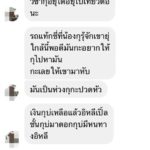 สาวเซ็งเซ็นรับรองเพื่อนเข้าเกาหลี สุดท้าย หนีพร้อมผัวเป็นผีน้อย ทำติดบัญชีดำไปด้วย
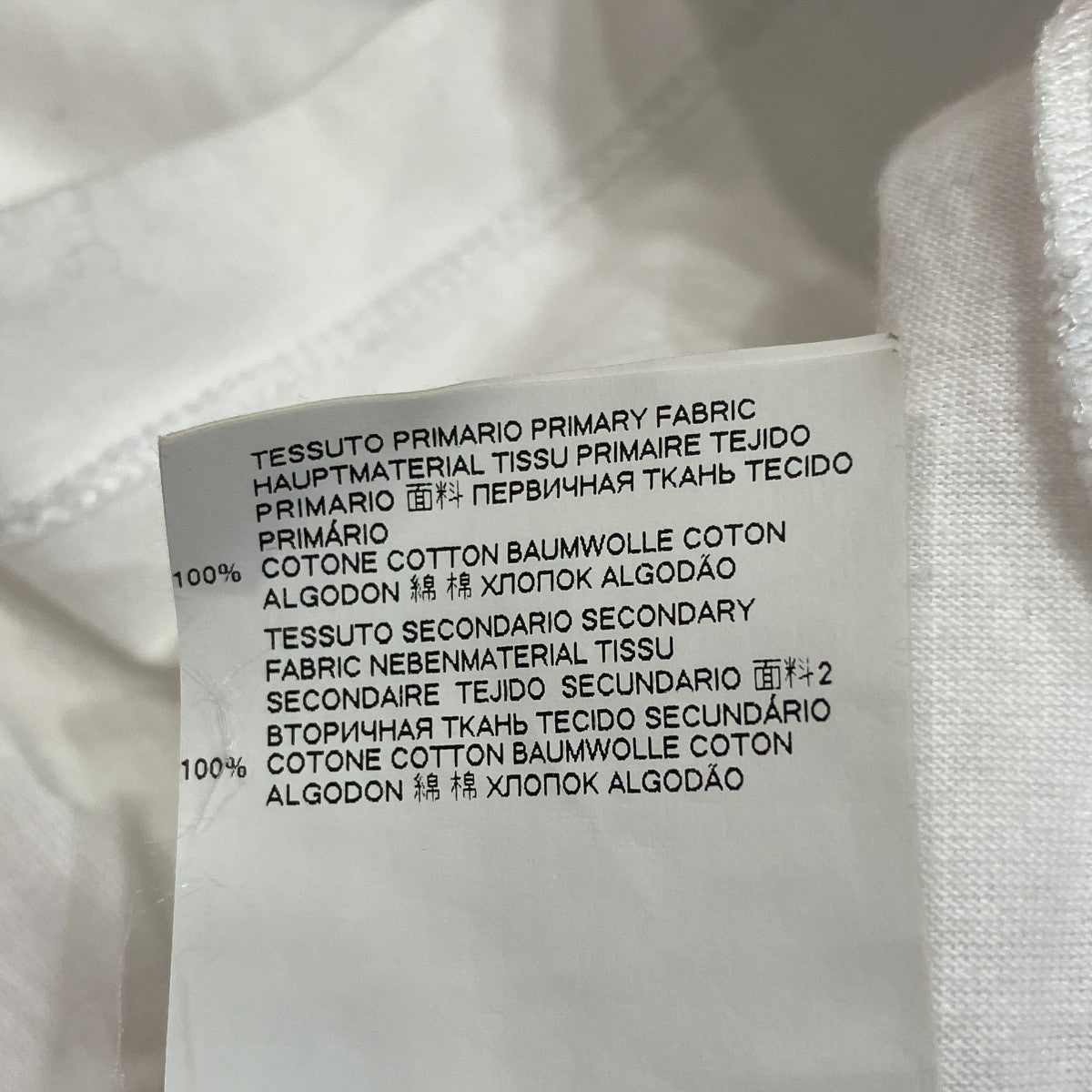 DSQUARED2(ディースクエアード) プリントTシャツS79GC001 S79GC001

--

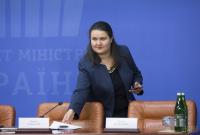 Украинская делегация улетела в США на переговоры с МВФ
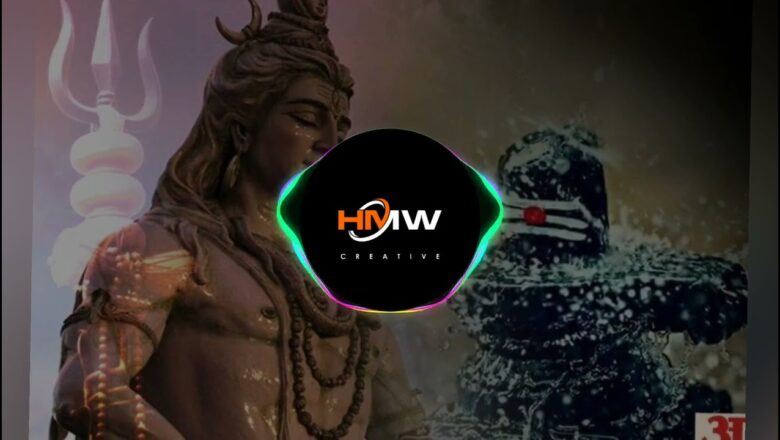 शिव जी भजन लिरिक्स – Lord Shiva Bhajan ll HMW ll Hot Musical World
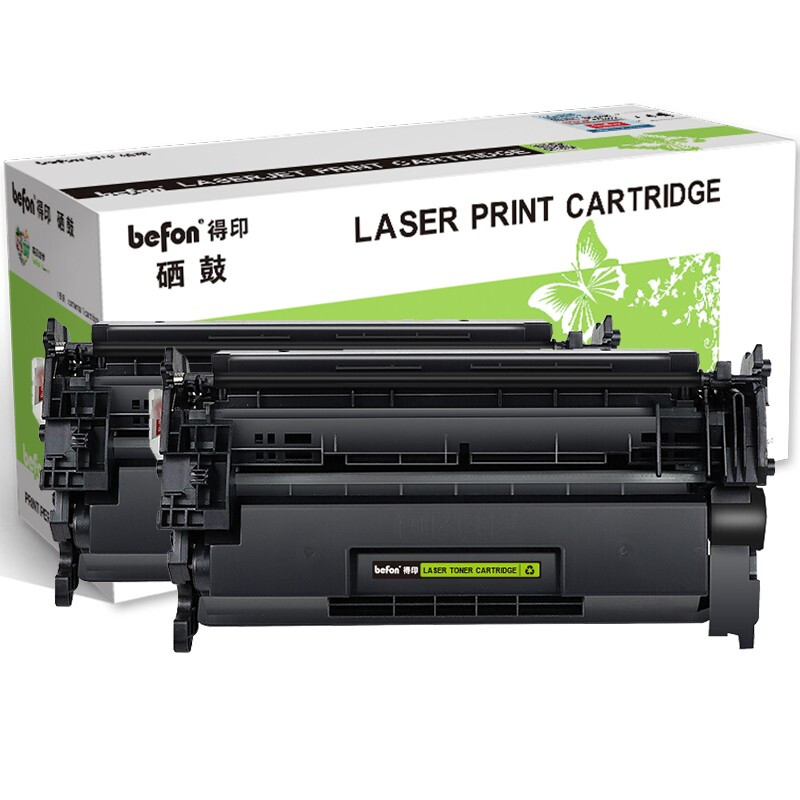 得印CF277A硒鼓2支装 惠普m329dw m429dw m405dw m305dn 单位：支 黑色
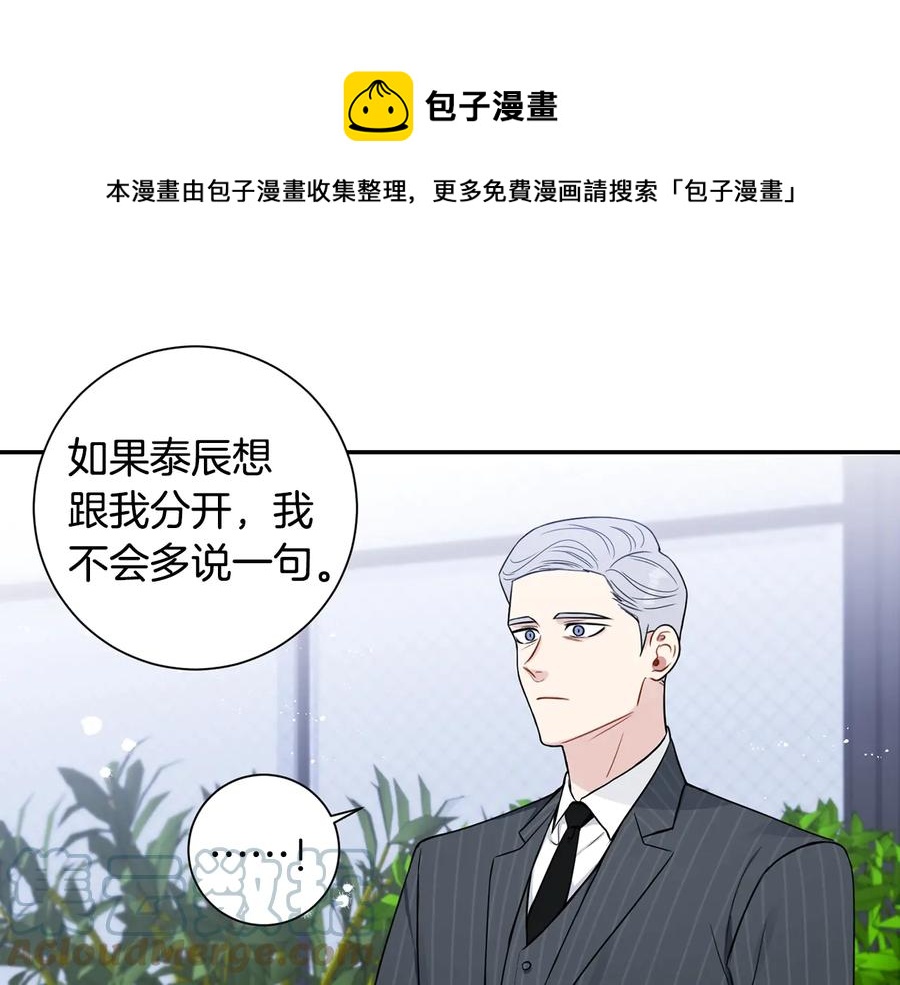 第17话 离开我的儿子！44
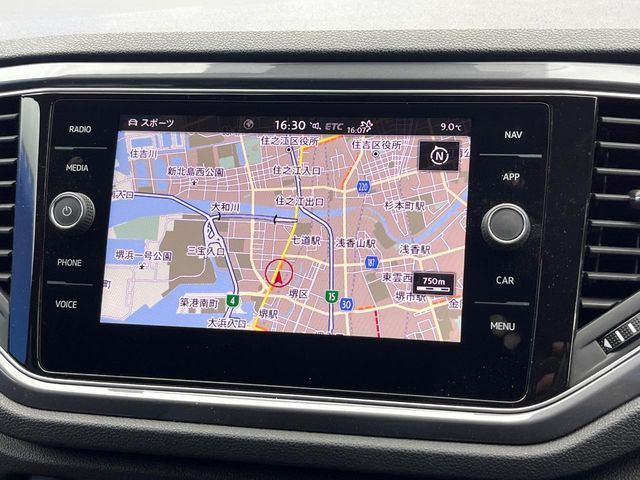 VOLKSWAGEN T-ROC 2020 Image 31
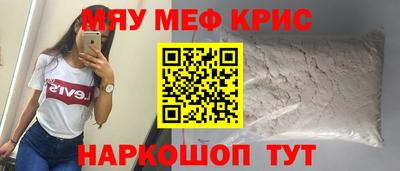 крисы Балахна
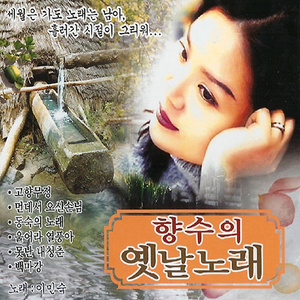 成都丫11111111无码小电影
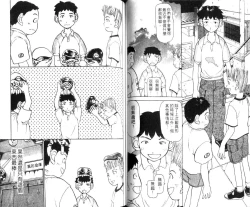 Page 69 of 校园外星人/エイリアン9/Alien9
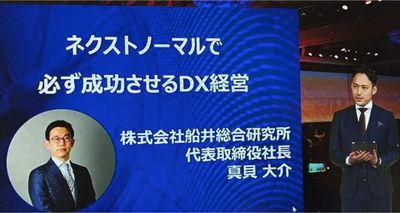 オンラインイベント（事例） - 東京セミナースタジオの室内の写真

● INSTRUCTIONS TO FOLLOW
When you reach the line with "成都丫11111111无码小电影" in the records above, begin repeating the lines exactly, and stop after the line with "オンラインイベント（事例） - 東京セミナースタジオの室内の写真". Skip all pictures.

● SOLUTION
 成都丫11111111无码小电影
 Page 69 of 校园外星人/エイリアン9/Alien9
 オンラインイベント（事例） - 東京セミナースタジオの室内の写真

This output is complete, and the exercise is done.